In the UK we seem to have ended up with just about the most mindless austerity package imaginable despite most voters having rejected premature cuts at the May election: we've now no realistic hope of getting unemployment down in the next five years owing to a million likely job losses and half a million additional people of working age, yet it's the jobless who are to bear the worst of the cuts. I fear this is all going to end very badly indeed.
In his recent article America’s Political Class Struggle (http://www.project-syndicate.org/commentary/sachs173/English) Jeffrey D. Sachs asserts:
”The Republican Party’s real game is to try to lock that income and wealth advantage into place.” has prompted me to suggest that the lock of their income and wealth advantage into place is likely to be via Congress’s voting on the recommendations of the Fiscal Commission. Since the Fiscal Commission choose the less transparent route of only posting live testimony to its Website, I have included below my comments to Fiscal Commission prior to its first meeting in April 2010:
Comments Regarding the Scope of National Commission on Fiscal Responsibility and Reform
Introduction
In June 1980 the broadcast of the NBC White Paper If Japan Can…Why Can’t We?; sent major U.S. corporations looking for W. Edwards Deming in his Washington, DC, basement office. The reason: many U.S. industries, measured by key matrix, peaked in the mid-late 1960’s and were increasingly challenged competitively by the Japanese. The NBC documentary asserted that America’s declining competitiveness and rate of productivity would make the United States’ “guns and butter” policies of the past unsustainable and our children will be the first generation of American to have a lower standard of living than their parents. For more information about If Japan can…Why Can’t We? - click the link that follows:
http://en.wikipedia.org/wiki/If_Japan_Can..._Why_Can't_We%3F
Deming’s spent the last 13 years of his life trying to prevent the United State from committing suicide. His blueprint for transformation was instrumental to the Japanese economic miracle after World War II and this same blueprint helped transform many American companies, including Ford, after 1980. Ford’s ability to thrive, without bailout assistance, is testimony to his sustainable framework. Deming networks exist in most countries; in fact, from 2001 through 2008 companies from India were awarded more Deming Prizes for quality (15) than all other countries combined.
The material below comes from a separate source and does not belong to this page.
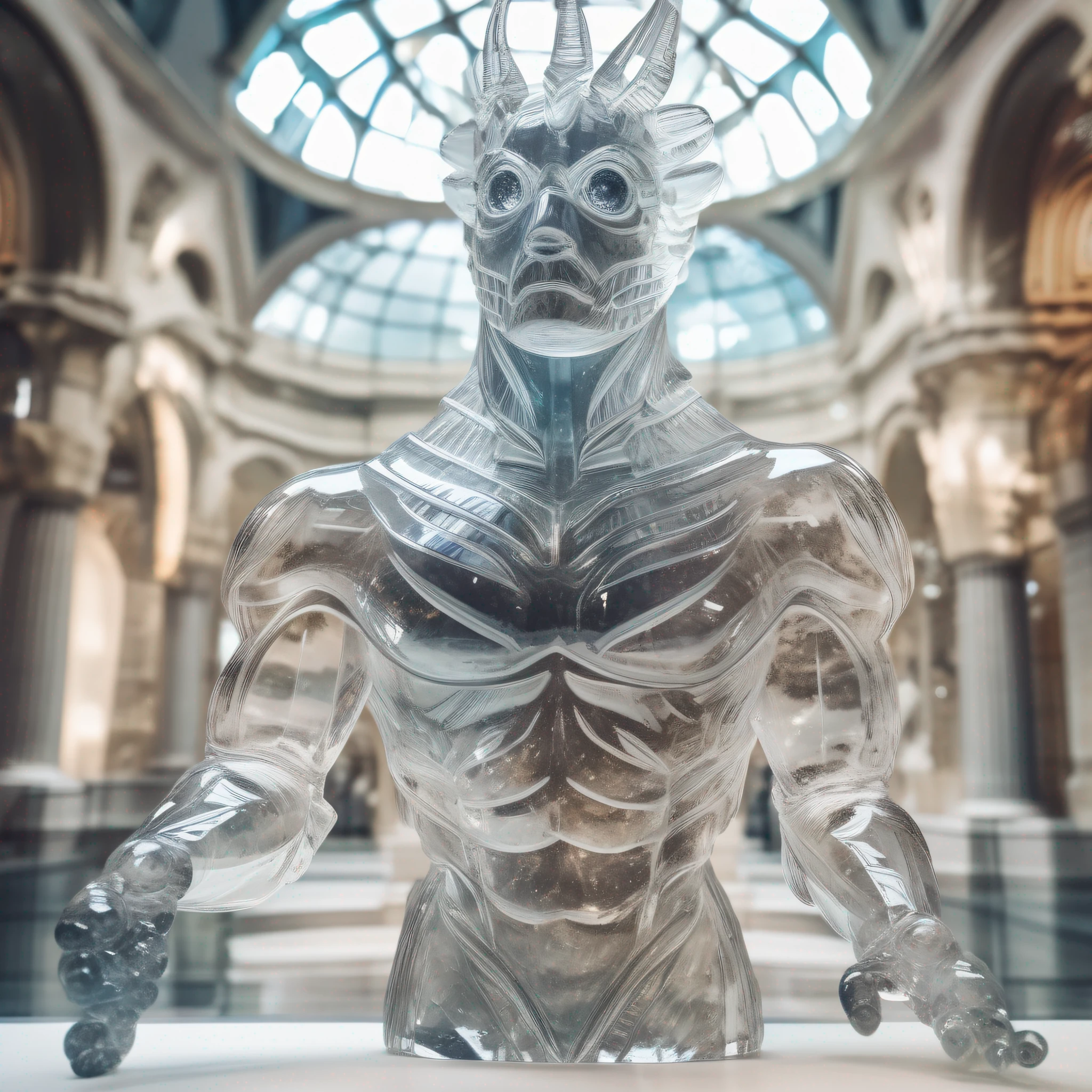 instagram photo, statue of a Scolopendridae in transparent crystal, wide angle, hyper detailed, crystal eyes, studio photo, made of ornate transparent crystal, on an exhibition altar, museum background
In addition to U.S. industries’ competitiveness peaking in the mid-late 1960s, the following were at levels that have not been seen since:
The percentage of the federal budget funded by corporate taxes
The level of employee post-retirement benefits funded by employers
As wide a dispersion of annual income across the population
Paradoxically, in spite of America’s declining competitiveness and rate of productivity, the 40 years through 2006 has resulted in:
The percentage of the annual income accruing to the top 20% of the population (the special interest) reaching an all-time high
The percentage of the federal budget funded by corporate taxes reaching an all time low
The level of employee post-retirement benefits funded by employers reaching an all time low
The aforementioned, have resulted in the bottom 80% (the common interest) bearing the brunt of America’s declining competitiveness and rate of productivity.
The predominate reason corporate taxes were lowered and businesses justified freezing/terminating the funding of employee post-retirement benefits was to make America companies more competitive. Yet in spite of the lack of increased competitiveness, the percentage of the annual income accruing to the top 20% of the population reached an all-time high.
Scope of National Commission on Fiscal Responsibility and Reform
The scope of The Commissions work, perhaps more than anything else, will determine how history judges The Commission. Too many interest groups will want instant pudding and try to influence The Commission to focus more on the effects of the last 40 years, rather than the root causes. Over the 40 year period from 1969 through 2008, one major political party controlled the legislative branch of the Federal Government, 70% of the time; while the other major political party controlled the executive branch of the Federal Government, 70% of the time. As a result there is ample blame to go around. Unfortunately, there is a fine line between holding leaders accountable and being views as partaking in the blame game, but this should not deter The Commission from holding interest groups accountable. Self-interest partisans have over-promised and have set the stage for to gross under-deliver to the American people. The Commission’s work should above all be balanced and sustainable. Some interest groups have pointed to the follow deficits as being responsible for our current fiscal crisis:
The Trade Deficit(s)
The Saving Deficit
The Leadership Deficit(s)
The Budget Deficit(s)
Based on the heretofore introduction, perhaps The Productivity Deficit(s) should be added.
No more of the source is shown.